======== Record extracts ========

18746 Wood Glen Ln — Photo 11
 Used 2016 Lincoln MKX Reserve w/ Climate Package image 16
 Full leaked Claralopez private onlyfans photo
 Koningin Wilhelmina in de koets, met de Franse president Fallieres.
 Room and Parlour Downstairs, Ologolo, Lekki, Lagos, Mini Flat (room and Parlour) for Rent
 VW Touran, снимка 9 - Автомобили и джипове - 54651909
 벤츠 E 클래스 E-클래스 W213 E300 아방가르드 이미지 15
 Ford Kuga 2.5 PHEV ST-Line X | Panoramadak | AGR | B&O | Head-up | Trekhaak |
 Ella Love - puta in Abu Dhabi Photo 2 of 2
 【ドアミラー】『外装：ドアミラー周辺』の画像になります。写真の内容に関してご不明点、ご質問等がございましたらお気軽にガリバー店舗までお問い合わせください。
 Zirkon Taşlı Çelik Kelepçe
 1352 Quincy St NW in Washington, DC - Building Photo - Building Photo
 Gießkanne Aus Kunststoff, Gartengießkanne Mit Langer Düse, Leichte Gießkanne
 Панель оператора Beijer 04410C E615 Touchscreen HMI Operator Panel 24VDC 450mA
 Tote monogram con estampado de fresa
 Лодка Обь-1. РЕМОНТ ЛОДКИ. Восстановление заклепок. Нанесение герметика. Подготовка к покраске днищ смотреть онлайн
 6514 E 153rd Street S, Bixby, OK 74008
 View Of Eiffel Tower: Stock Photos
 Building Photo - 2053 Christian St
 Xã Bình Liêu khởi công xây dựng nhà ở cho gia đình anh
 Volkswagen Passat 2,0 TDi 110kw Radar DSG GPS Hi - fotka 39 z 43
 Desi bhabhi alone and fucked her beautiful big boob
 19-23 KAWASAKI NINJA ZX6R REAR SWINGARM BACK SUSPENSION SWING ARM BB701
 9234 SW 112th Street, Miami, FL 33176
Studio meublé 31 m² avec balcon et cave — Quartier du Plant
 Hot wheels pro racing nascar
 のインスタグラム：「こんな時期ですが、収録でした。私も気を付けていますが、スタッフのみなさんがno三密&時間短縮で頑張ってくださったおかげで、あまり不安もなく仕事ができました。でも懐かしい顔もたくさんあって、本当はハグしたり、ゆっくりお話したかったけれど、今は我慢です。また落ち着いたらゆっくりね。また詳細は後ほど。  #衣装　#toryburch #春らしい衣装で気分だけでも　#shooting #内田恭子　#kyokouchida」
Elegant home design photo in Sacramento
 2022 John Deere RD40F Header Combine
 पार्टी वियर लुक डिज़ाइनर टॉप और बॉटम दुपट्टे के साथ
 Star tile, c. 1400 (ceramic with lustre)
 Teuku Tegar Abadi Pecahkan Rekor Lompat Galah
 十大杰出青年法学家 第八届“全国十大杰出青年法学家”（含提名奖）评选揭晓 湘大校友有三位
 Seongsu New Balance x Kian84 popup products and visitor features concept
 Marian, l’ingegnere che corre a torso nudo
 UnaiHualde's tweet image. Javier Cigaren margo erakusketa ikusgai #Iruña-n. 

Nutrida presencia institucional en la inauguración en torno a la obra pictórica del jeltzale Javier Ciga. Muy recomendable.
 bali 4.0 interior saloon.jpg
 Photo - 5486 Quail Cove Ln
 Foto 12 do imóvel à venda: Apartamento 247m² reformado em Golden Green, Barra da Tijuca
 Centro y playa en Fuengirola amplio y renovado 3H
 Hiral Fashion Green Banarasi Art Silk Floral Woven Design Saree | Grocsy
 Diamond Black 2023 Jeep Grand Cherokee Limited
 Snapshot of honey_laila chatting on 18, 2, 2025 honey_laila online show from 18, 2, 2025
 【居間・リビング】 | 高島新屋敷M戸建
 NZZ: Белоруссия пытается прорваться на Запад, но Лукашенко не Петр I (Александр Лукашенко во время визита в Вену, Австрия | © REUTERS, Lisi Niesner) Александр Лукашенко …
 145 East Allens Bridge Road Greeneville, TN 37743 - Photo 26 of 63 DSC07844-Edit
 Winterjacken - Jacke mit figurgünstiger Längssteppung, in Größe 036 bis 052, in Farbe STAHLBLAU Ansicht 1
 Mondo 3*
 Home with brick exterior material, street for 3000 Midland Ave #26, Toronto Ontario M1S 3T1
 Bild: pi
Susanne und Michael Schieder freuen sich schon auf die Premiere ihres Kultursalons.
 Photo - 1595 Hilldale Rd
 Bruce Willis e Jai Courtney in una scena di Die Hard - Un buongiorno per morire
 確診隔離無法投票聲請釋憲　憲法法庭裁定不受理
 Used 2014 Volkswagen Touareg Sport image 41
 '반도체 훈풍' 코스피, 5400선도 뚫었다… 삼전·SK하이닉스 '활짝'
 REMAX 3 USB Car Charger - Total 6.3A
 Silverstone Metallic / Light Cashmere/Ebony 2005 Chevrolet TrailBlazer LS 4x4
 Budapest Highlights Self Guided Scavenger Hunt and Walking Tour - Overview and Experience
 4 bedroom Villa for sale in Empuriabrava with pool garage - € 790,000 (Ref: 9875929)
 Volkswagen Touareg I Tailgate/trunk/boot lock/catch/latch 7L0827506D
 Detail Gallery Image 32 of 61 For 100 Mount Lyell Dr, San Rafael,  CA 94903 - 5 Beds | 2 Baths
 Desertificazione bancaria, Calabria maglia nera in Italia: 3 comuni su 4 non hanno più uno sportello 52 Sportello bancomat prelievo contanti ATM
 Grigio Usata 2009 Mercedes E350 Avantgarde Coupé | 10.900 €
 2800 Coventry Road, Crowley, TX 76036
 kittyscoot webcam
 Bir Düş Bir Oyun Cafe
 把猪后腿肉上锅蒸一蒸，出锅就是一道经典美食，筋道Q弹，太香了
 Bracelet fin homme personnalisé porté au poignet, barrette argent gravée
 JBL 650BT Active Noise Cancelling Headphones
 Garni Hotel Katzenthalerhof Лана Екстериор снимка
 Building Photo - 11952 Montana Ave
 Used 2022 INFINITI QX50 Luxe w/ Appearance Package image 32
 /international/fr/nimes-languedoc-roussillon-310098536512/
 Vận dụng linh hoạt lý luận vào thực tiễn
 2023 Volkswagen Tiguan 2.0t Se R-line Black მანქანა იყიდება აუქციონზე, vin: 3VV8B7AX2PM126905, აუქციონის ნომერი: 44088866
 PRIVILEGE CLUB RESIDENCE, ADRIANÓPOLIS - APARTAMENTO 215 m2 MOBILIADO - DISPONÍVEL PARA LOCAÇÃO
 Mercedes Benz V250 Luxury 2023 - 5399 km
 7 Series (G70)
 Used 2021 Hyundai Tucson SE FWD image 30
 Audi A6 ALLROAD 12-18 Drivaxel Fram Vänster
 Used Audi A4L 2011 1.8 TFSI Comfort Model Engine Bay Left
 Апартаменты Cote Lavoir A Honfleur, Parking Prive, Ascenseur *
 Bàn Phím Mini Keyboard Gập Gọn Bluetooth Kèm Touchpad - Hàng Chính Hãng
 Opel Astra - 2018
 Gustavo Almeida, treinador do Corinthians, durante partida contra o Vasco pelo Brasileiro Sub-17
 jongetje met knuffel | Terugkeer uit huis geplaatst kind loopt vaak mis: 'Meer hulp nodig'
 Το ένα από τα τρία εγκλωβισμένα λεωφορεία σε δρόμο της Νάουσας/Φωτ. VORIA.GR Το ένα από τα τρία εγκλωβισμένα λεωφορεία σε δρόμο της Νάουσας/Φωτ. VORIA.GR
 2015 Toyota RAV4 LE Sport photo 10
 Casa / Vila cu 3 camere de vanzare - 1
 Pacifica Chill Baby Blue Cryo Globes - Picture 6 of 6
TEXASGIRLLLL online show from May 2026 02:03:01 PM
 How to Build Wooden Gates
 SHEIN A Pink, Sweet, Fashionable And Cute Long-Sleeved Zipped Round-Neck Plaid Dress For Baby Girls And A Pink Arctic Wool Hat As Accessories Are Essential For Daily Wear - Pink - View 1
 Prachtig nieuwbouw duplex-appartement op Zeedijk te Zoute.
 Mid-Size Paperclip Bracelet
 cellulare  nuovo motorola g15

========

• _The problem_: With the line holding "確診隔離無法投票聲請釋憲　憲法法庭裁定不受理" as the first and the line holding "Detail Gallery Image" as the last, set down that range of the entries above exactly, and nothing else.

• _Reply to the task_:
 確診隔離無法投票聲請釋憲　憲法法庭裁定不受理
 Used 2014 Volkswagen Touareg Sport image 41
 '반도체 훈풍' 코스피, 5400선도 뚫었다… 삼전·SK하이닉스 '활짝'
 REMAX 3 USB Car Charger - Total 6.3A
 Silverstone Metallic / Light Cashmere/Ebony 2005 Chevrolet TrailBlazer LS 4x4
 Budapest Highlights Self Guided Scavenger Hunt and Walking Tour - Overview and Experience
 4 bedroom Villa for sale in Empuriabrava with pool garage - € 790,000 (Ref: 9875929)
 Volkswagen Touareg I Tailgate/trunk/boot lock/catch/latch 7L0827506D
 Detail Gallery Image 32 of 61 For 100 Mount Lyell Dr, San Rafael,  CA 94903 - 5 Beds | 2 Baths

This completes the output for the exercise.